The reporting follows the extension of the Preferred Reporting Items for Systematic reviews and Meta-Analyses statements for Scoping Reviews. Electronic database searches in PubMed and Web of Science resulted in 469 matches after deduplication. As of September 2021, the scoping review is in the full-text screening stage. The data extraction using the pretested charting template will follow the full-text screening stage. We expect the scoping review report to be completed by February 2022.

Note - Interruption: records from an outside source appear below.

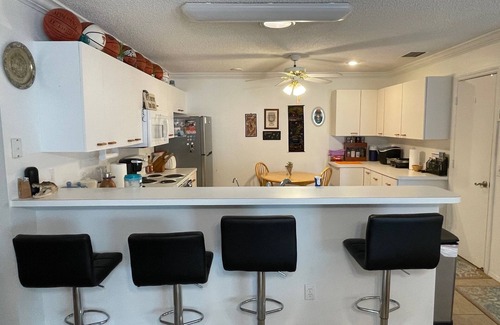 Lady Lake Villa | Score big in this hoops-themed retreat packed with college basketball pride!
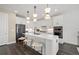 Modern kitchen with white cabinets, a center island, stainless steel appliances, and stylish pendant lighting at 5634 Clearwater Ct, Lakewood Ranch, FL 34211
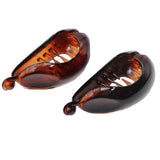 Two brown hair clips with 'Parcelona' branding on a white background, featuring text about product features.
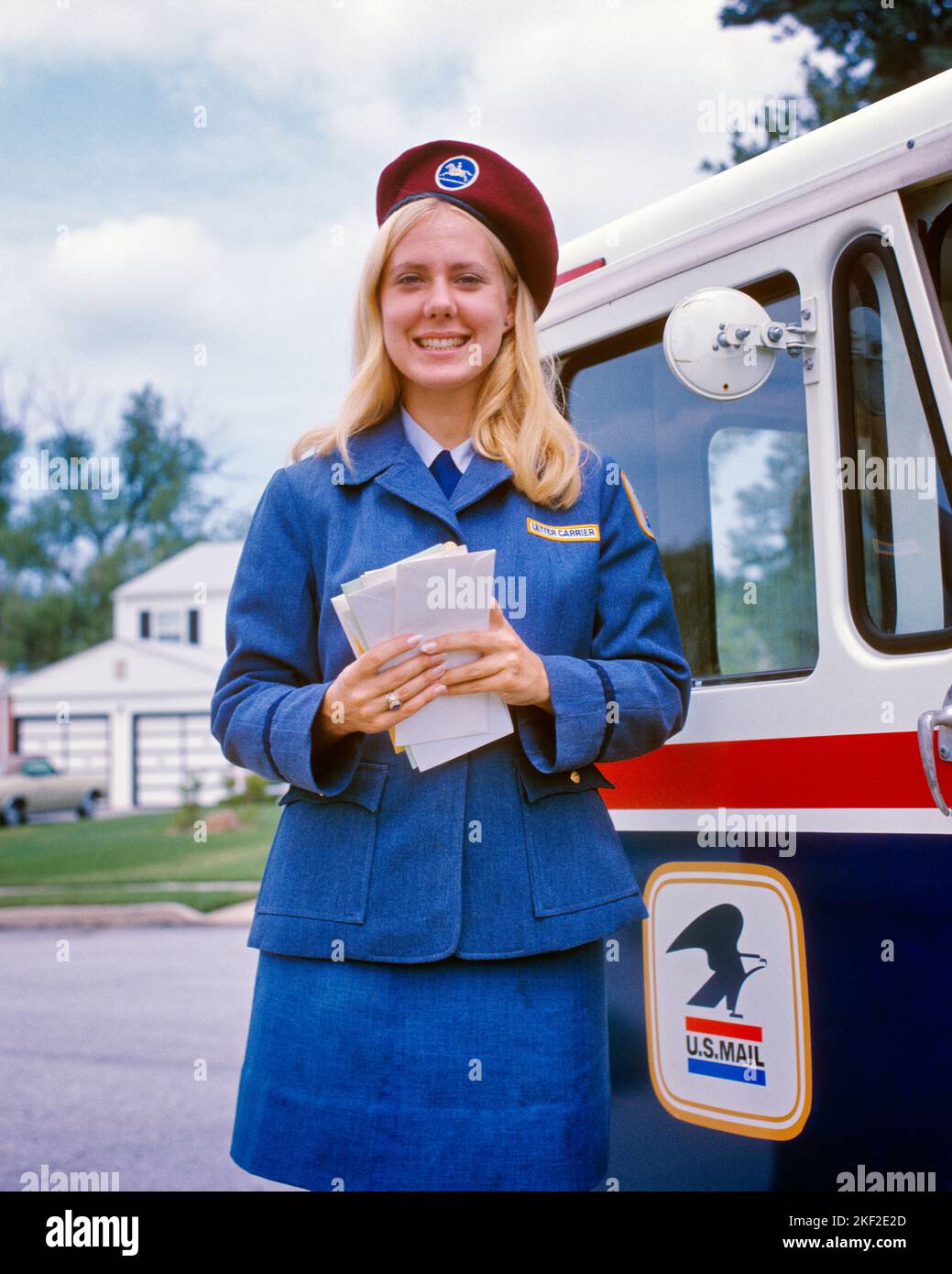1970s PORTRAIT SMILING BLONDE FEMALE MAILMAN HOLDING ENVELOPES WEARING UNIFORM & CAP STANDING BY POSTAL USPS DELIVERY VEHICLE - kp2139 HAR001 HARS 1 STYLE COMMUNICATION VEHICLE YOUNG ADULT PLEASED JOY LIFESTYLE SATISFACTION FEMALES JOBS HEALTHINESS UNITED STATES COPY SPACE FRIENDSHIP HALF-LENGTH LADIES PERSONS POSTAL UNITED STATES OF AMERICA CONFIDENCE NORTH AMERICA EYE CONTACT NORTH AMERICAN SKILL OCCUPATION HAPPINESS SKILLS CHEERFUL ENVELOPES CUSTOMER SERVICE LABOR PRIDE EMPLOYMENT OCCUPATIONS SMILES MAILING JOYFUL MAILMAN STYLISH EMPLOYEE USPS COOPERATION UNITED STATES POSTAL SERVICE Stock Photo
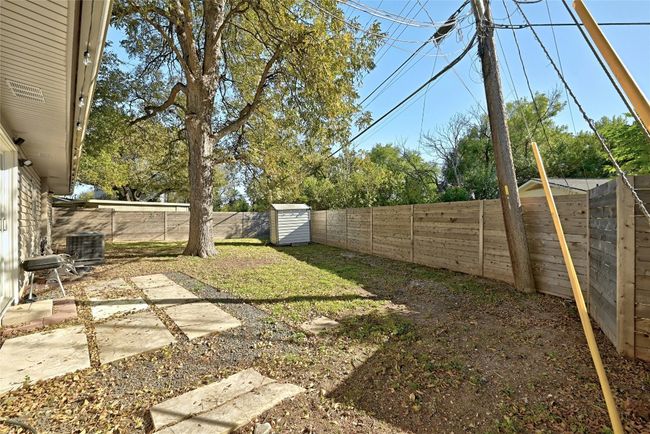 Entertaining is a breeze in this fully-fenced, well-kept backyard. | Image 29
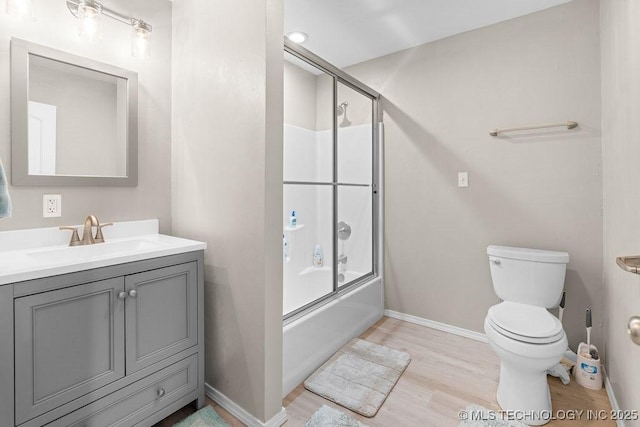 2724 Lark Rd, Kingston, OK 73439 - full bathroom featuring vanity, wood finished floors, and bath / shower combo with glass door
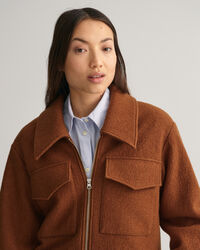 Bouclé jack met ritssluiting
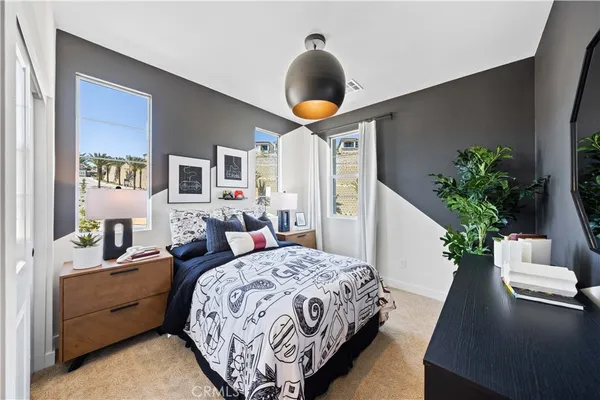 a bedroom with bed and window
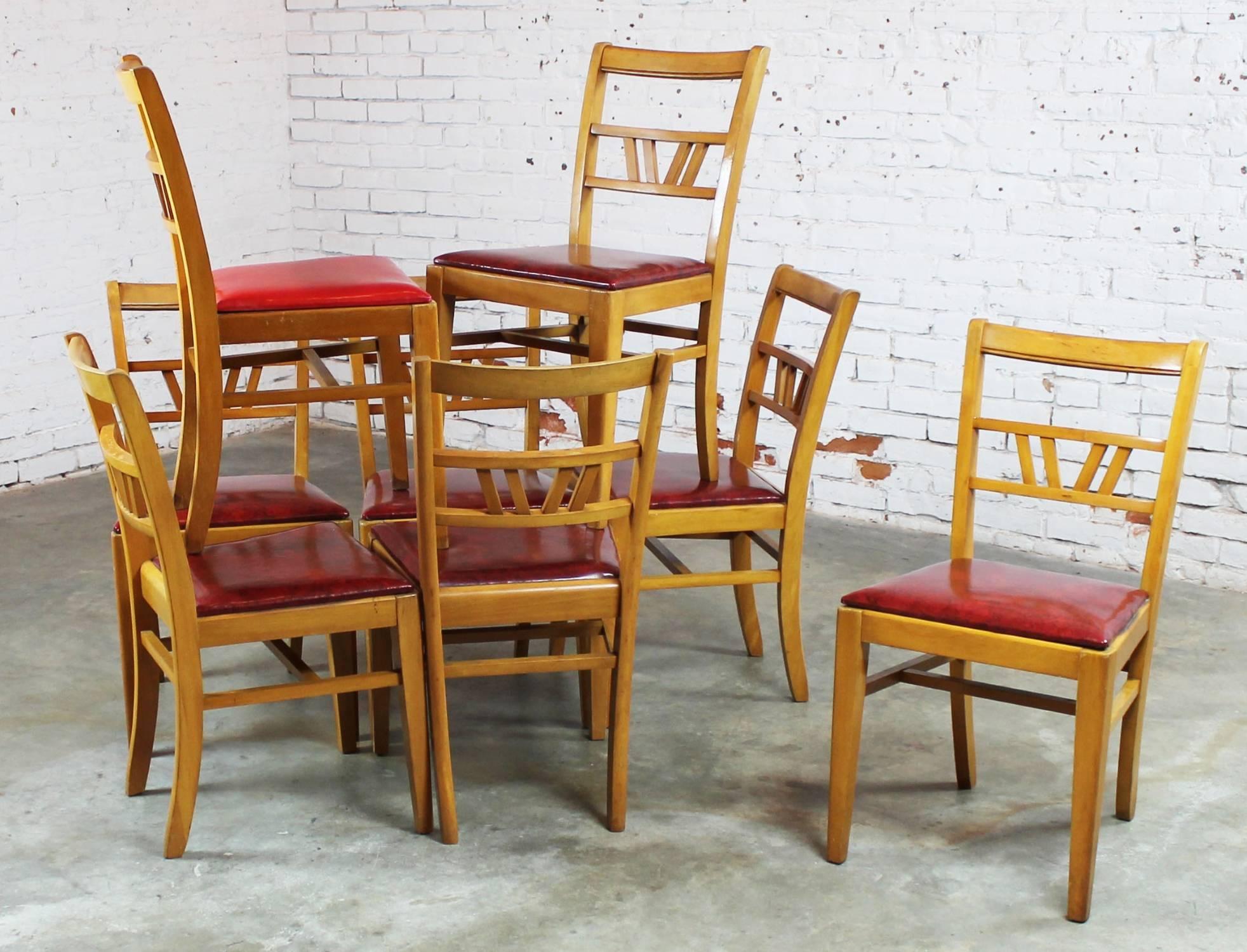 Fun set of eight Mid-Century dining chairs in mahogany. These chairs have great lines and lots and lots of potential. In good vintage condition.

Awesome set of eight light colored mahogany dining chairs from Mid-Century era. They are petite and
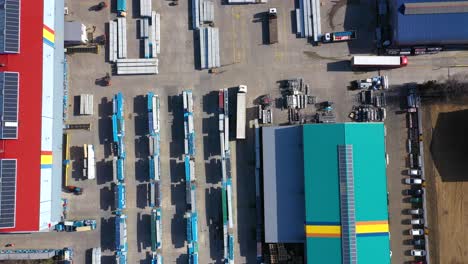 Aerial-view-of-a-semi-trucks-with-cargo-trailers-standing-on-warehouses-ramps-for-loading-unloading-goods-on-the-big-logistics-park-with-loading-hub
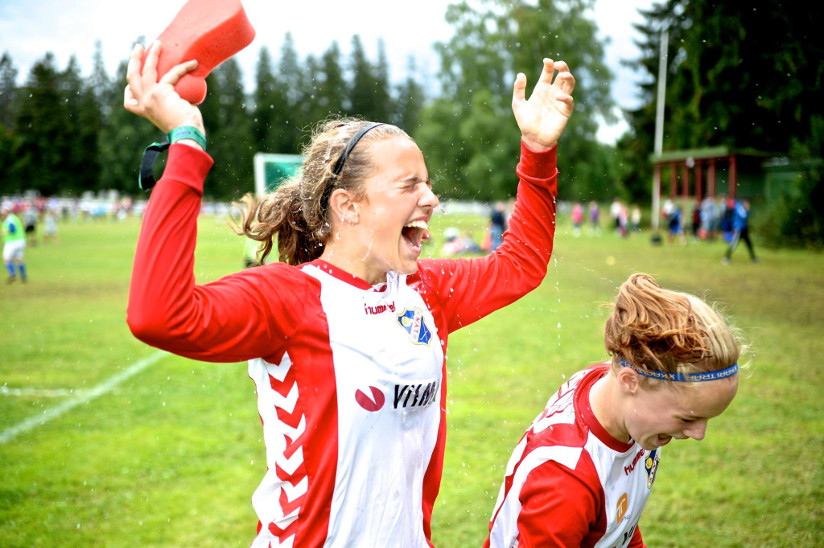 Fotografi av to jenter som nettopp har spilt fotballkamp. Draktene de har på seg viser logoene til bedriftene som sponser fotballaget.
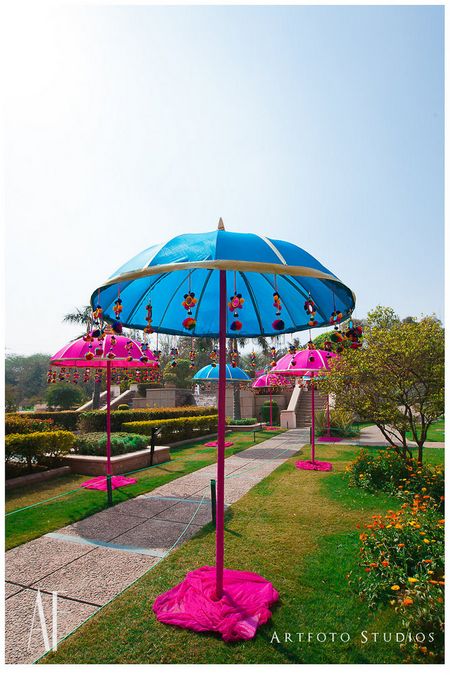 Photo of Turquoise umbrella with hangings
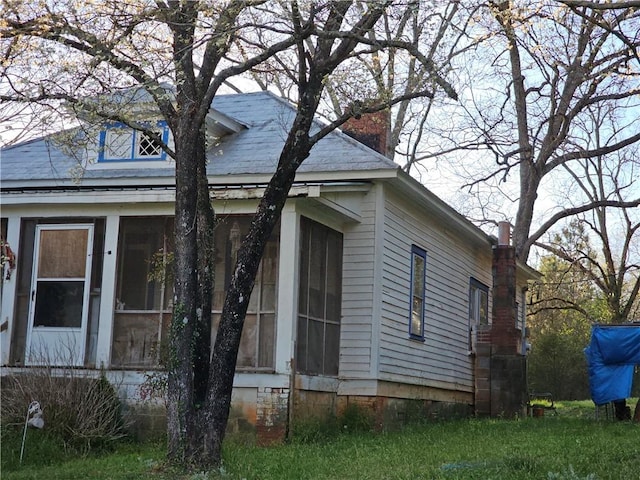 view of side of property with a sunroom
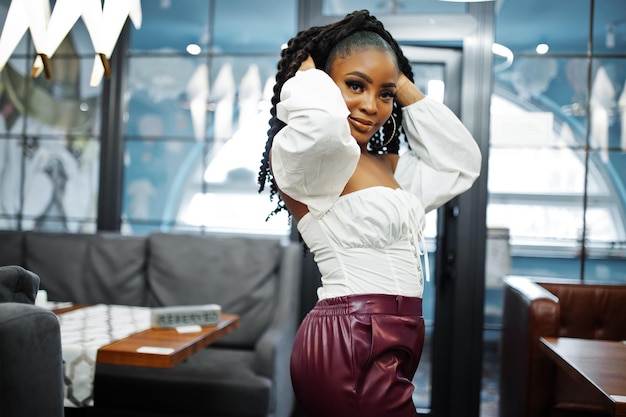 Beautiful african american woman in white blouse and red leather pants pose at restaurant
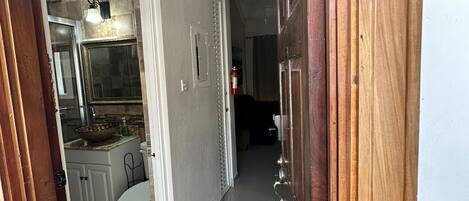 A hallway with a wooden door, a white toilet, and a sink with a bowl.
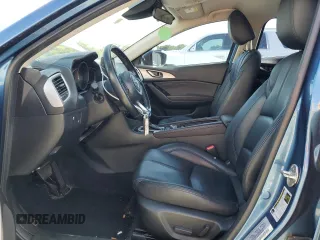 2017 Mazda 3 Touring z VIN JM1BN1L7XH1102372, wystawiony jako Copart lot #61180195 z przebiegiem 57 606 mil mil oraz Szkoda całkowita • Salvage title. Historia ofert i sprzedaży dostępna na DreamBid. Obrazek 7.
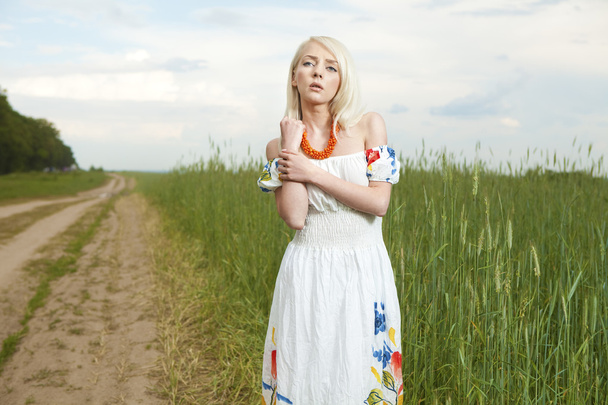 Rural woman standing by the wheat field - Fotoğraf, Görsel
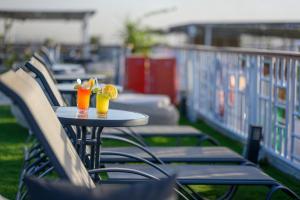 a table with two glasses of orange juice on it at Nile Cruise luxury boat Every Saturday From Luxor & Every Wednesday from Aswoan in Aḑ Ḑab‘īyah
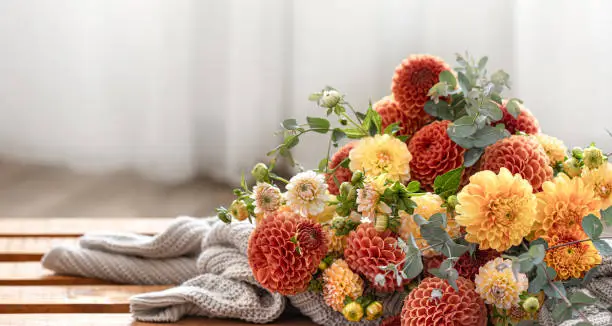 A bouquet of yellow and orange chrysanthemums and a knitted element on a blurred background, copy space.
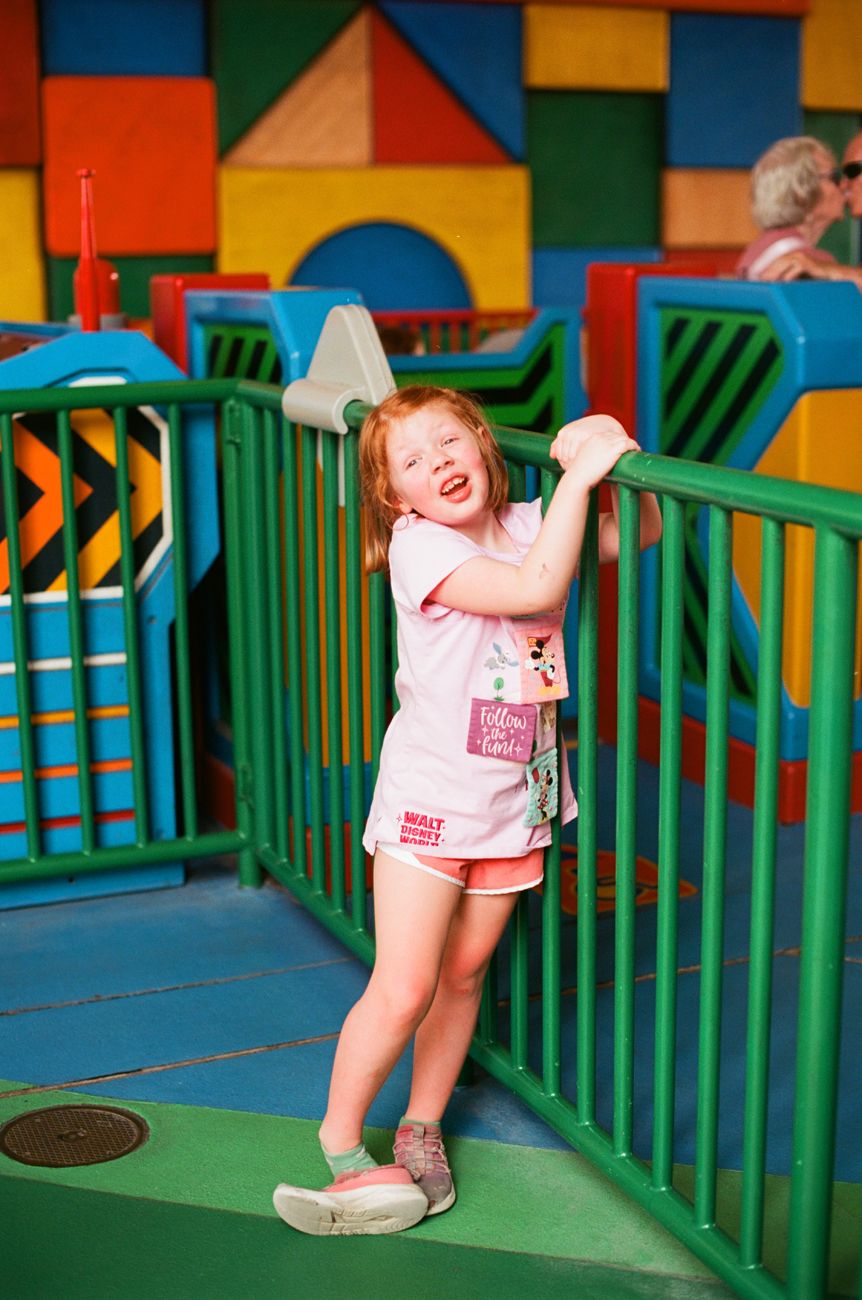 Colorful play area with geometric shapes and bright railings at Disney World.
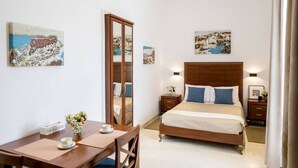 Une chambre d’hôtel comprenant un lit, des tables de chevet, un bureau avec une chaise et des œuvres d’art accrochées aux murs.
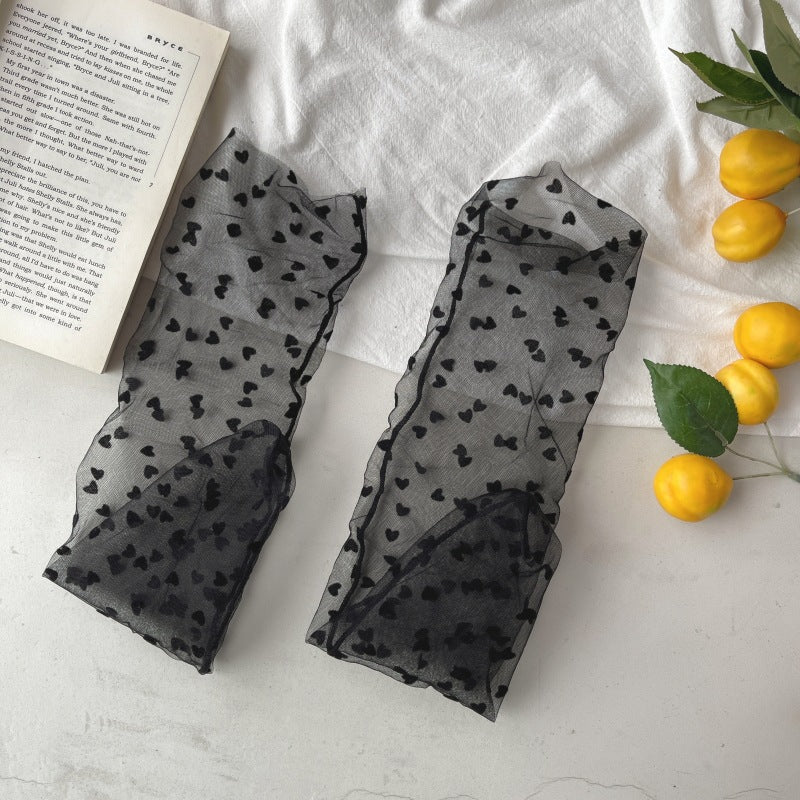 Scattered heart sheer crew-style socks in the selected Black color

Information about the origin of healthcare data has a major impact on the quality and the reusability of scientific results as well as follow-up activities. This protocol outlines plans for a scoping review that will provide information about current approaches, challenges, or knowledge gaps with provenance tracking in biomedical sciences.
INTERNATIONAL REGISTERED REPORT IDENTIFIER (IRRID): DERR1-10.2196/31750.
出处有助于理解数据起源,是确保包含(敏感)科学数据的数字对象可信度的关键因素。出处信息有助于更好地理解科学成果,促进对现有数据的协作以及数据共享。这包括在临床和科学数据工作流程及研究中定义有关透明度、可追溯性、可重复性、有效性和质量保证的全面概念和标准。
本范围综述的目的是调查有关出处跟踪方法和标准的现有证据,并揭示生物医学领域当前的知识空白。本综述涵盖建模方面以及在(敏感)生物医学科学数据的创建、收集和处理过程中用于生成有意义且可用的出处信息的元数据框架。本综述还包括对出处标准质量方面的考察。
本范围综述将遵循阿克西和奥马利的方法框架。通过查询PubMed和科学网获取相关出版物。将纳入2006年1月1日至2021年3月23日期间发表的所有英文论文。数据检索将辅以对灰色文献的手动搜索。然后将潜在出版物导出到参考管理软件中,并去除重复项。之后,将获得的论文集转移到系统综述管理工具中。对所有出版物进行筛选、提取和分析:标题和摘要筛选将由4名独立评审员进行。根据定义的纳入和排除标准,论文入选需多数投票同意。全文阅读将由2名评审员独立进行,最后一步,将在预先测试的模板上提取关键信息。如果无法达成一致,将由领域专家解决冲突。将通过根据研究问题对各个数据项进行分类和总结来分析图表数据。如有适用,将给出表格或图形概述。
报告遵循系统综述和Meta分析的首选报告项目扩展声明用于范围综述。在PubMed和科学网中进行电子数据库搜索,去重后得到469条匹配结果。截至2021年9月,范围综述处于全文筛选阶段。使用预先测试的图表模板进行数据提取将在全文筛选阶段之后进行。我们预计范围综述报告将于2022年2月完成。
医疗保健数据的来源信息对科学成果的质量和可重用性以及后续活动有重大影响。本方案概述了一项范围综述的计划,该综述将提供有关生物医学科学中出处跟踪的当前方法、挑战或知识空白的信息。
国际注册报告识别号(IRRID):DERR1-10.2196/31750。